Many use cases allow for Events to be removed from an Event Stream in order to preserve space and prevent the reading of stale data.
How can we remove events from an Event Stream based on a criteria, such as event age or Event Stream size?
The solution for limited retention will depend on the Event Streaming Platform. Most platforms will allow for deletion of events using an API or with an automated process configured within the platform itself. Because Event Streams are modeled as immutable event logs in the Event Store, events will be removed from the beginning of an Event Stream moving forward (i.e., oldest events are being removed first). Event Processing Applications that are reading from the stream will not be given the deleted events.
Apache Kafka® implements a Limited Retention Event Stream by default. With Kafka, Event Streams are modeled as Topics. Kafka provides two types of retention policy, which can be configured on a per-topic basis or as a default for new topics.
With time-based retention, events will be removed from the topic after the event timestamp indicates an event is older than the configured log retention time. On Kafka this is configured with the
log.retention.hours setting, which can be set as a default to apply to all topics or on a per-topic basis. Additionally, Kafka respects a
log.retention.ms settings to define shorter retention periods.

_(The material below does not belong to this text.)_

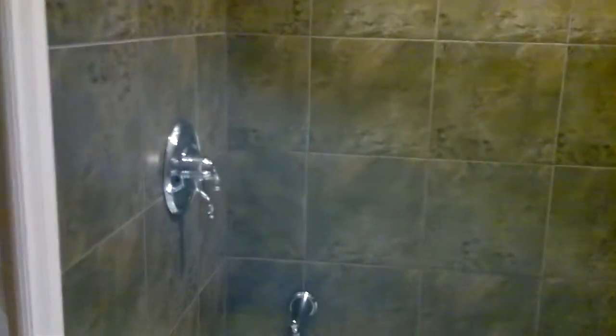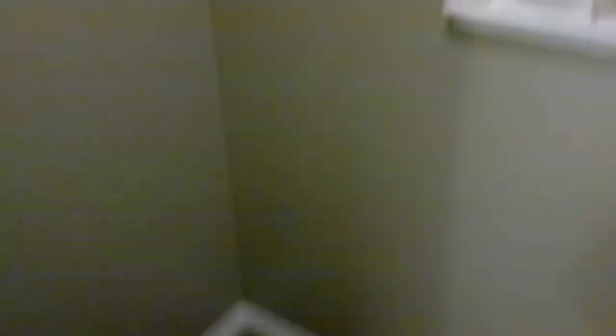The shower has controls on both sides, and the vanity is off the ground — it's a nice modern clean look. We have our pocket door going into where we're going to be having the toilet, which still needs to be installed.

The following example sets the retention period of a topic to one year:
For more guidance and configuring time-based data retention, see the Kafka Broker Configurations documentation for default settings, or the Modifying Topics section for modifying existing topics.
With size-based retention, events will begin to be removed from the topic once the total size of the topic violates the configured maximum size. Kafka supports a
log.retention.bytes configure. For example, to configure the maximum size of a topic to 100GB you could set the configuration as follows:
For more guidance and configuring size-based data retention, see the Kafka Broker Configurations documentation for default settings, or the Modifying Topics section for modifying existing topics.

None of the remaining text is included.